* EXERCISE DETAILS: In the material below, transcribe every line from the first through the line holding "Check out this", exactly, and stop after that line.

EXCERPTED DATA section start

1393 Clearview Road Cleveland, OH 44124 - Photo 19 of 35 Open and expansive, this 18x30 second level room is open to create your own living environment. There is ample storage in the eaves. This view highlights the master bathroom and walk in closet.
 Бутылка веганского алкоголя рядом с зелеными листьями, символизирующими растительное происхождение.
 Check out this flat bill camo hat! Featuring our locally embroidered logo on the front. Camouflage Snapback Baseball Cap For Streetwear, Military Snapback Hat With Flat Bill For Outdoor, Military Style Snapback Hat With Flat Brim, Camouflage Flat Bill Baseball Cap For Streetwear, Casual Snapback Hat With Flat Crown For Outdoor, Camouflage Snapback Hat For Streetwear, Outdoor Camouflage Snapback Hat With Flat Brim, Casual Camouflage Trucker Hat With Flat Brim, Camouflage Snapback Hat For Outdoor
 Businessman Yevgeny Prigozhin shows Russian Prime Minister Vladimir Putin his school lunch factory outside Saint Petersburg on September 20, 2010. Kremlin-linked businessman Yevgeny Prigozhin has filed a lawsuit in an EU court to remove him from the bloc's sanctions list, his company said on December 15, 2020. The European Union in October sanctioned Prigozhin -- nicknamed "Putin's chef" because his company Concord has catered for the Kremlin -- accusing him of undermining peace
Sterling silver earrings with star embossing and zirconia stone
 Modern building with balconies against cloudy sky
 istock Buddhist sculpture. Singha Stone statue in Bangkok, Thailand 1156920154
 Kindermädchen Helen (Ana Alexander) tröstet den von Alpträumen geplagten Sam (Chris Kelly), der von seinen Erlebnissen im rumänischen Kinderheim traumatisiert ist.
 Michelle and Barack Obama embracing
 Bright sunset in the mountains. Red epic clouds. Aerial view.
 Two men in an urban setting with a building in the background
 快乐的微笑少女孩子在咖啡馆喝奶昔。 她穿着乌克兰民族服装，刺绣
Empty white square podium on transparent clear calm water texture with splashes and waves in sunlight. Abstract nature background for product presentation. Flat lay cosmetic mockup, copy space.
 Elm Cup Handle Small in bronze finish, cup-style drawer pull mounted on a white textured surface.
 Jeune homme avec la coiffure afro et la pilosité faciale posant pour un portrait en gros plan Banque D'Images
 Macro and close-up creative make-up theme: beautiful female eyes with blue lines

EXCERPTED DATA section end

* ANSWER SPACE:
1393 Clearview Road Cleveland, OH 44124 - Photo 19 of 35 Open and expansive, this 18x30 second level room is open to create your own living environment. There is ample storage in the eaves. This view highlights the master bathroom and walk in closet.
 Бутылка веганского алкоголя рядом с зелеными листьями, символизирующими растительное происхождение.
 Check out this flat bill camo hat! Featuring our locally embroidered logo on the front. Camouflage Snapback Baseball Cap For Streetwear, Military Snapback Hat With Flat Bill For Outdoor, Military Style Snapback Hat With Flat Brim, Camouflage Flat Bill Baseball Cap For Streetwear, Casual Snapback Hat With Flat Crown For Outdoor, Camouflage Snapback Hat For Streetwear, Outdoor Camouflage Snapback Hat With Flat Brim, Casual Camouflage Trucker Hat With Flat Brim, Camouflage Snapback Hat For Outdoor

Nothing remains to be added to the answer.